(Brief descriptive captions)

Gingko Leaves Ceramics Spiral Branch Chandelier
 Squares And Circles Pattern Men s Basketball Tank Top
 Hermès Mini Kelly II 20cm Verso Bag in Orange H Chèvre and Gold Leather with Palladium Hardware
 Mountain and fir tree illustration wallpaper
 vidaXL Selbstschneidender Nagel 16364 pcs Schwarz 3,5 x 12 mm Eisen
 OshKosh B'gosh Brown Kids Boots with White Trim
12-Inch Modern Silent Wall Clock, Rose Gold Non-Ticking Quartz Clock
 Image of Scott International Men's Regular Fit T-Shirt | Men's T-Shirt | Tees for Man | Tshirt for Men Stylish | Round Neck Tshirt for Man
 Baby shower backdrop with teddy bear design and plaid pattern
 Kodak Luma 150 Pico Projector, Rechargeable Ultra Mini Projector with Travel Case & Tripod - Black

(Problem statement)
Go through the entries and count the lines where the word "Mini" appears; give only the count.

(Your solution)
2